**Aim of the exercise:** Reproduce each entry exactly as it reads. Leave the images out.

**Data for review:**
- Opening Delimiter -
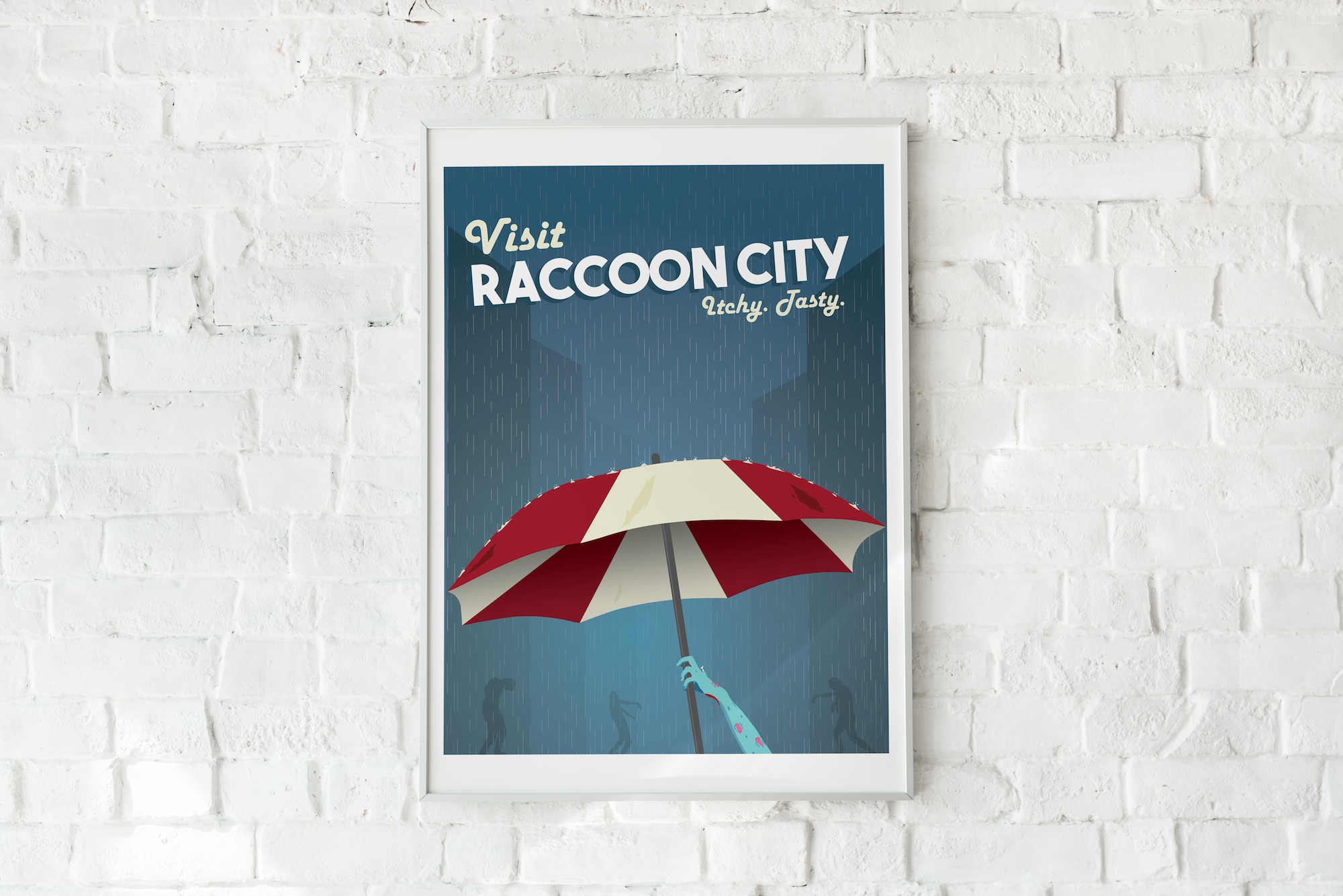 Visit Raccoon City Print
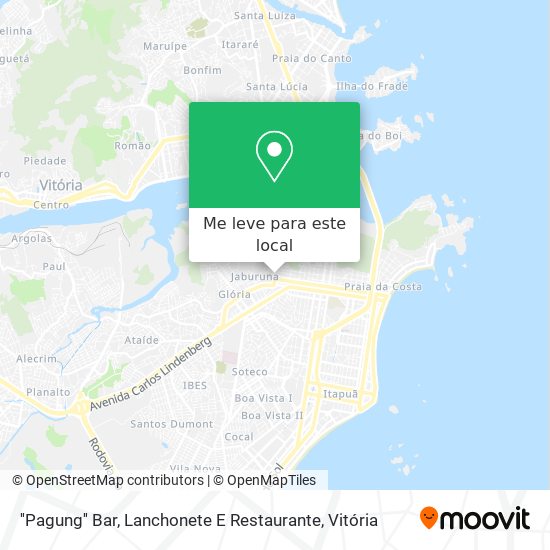 ''Pagung'' Bar, Lanchonete E Restaurante mapa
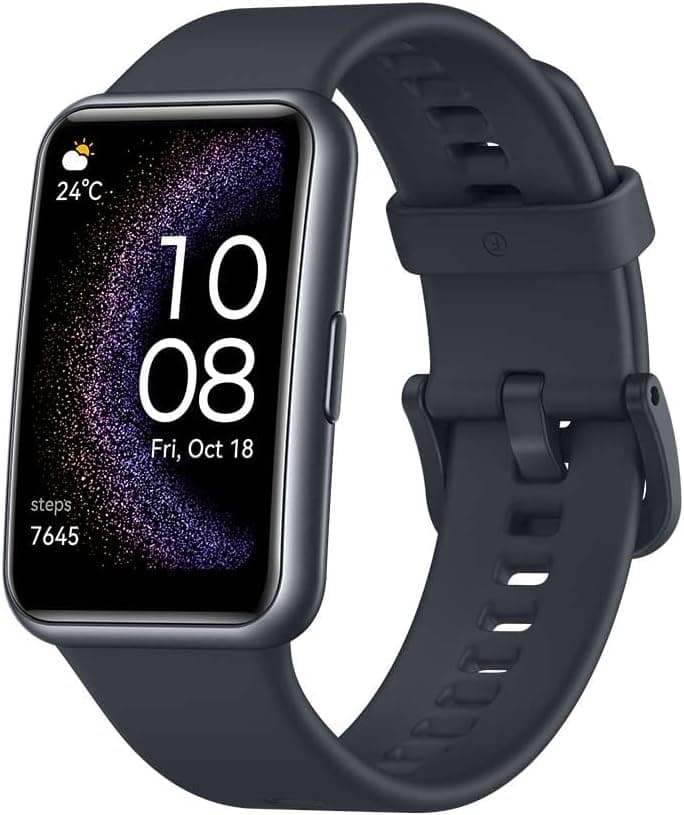 HUAWEI WATCH FIT SE, Display AMOLED HD 1,64”, Monitoraggio sonno, GPS integrato, Batteria 9 giorni, Risposte rapide, Compatibile Android/iOS, Nero, Garanzia 6 mesi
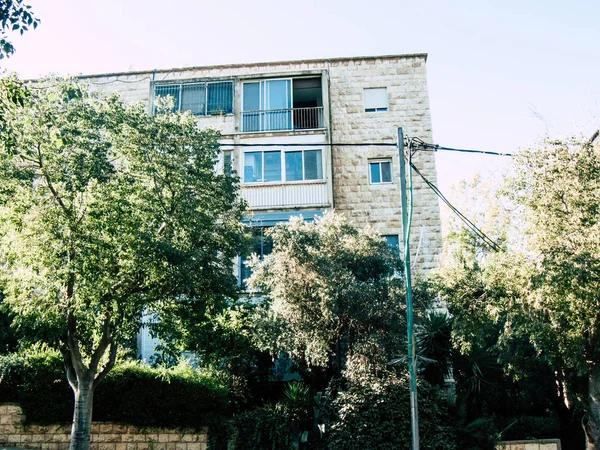 Kudüs İsrail 14 Haziran 2018 Jabotinsky street Kudüs İsrail binada görünümünü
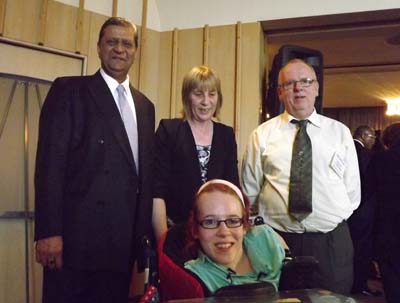 Amir Dossal, Joanne and her proud parents,joe and anne o riordan.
- Closing Delimiter -
**Answer space:**
 Visit Raccoon City Print
 ''Pagung'' Bar, Lanchonete E Restaurante mapa
 HUAWEI WATCH FIT SE, Display AMOLED HD 1,64”, Monitoraggio sonno, GPS integrato, Batteria 9 giorni, Risposte rapide, Compatibile Android/iOS, Nero, Garanzia 6 mesi
 Kudüs İsrail 14 Haziran 2018 Jabotinsky street Kudüs İsrail binada görünümünü
 Amir Dossal, Joanne and her proud parents,joe and anne o riordan.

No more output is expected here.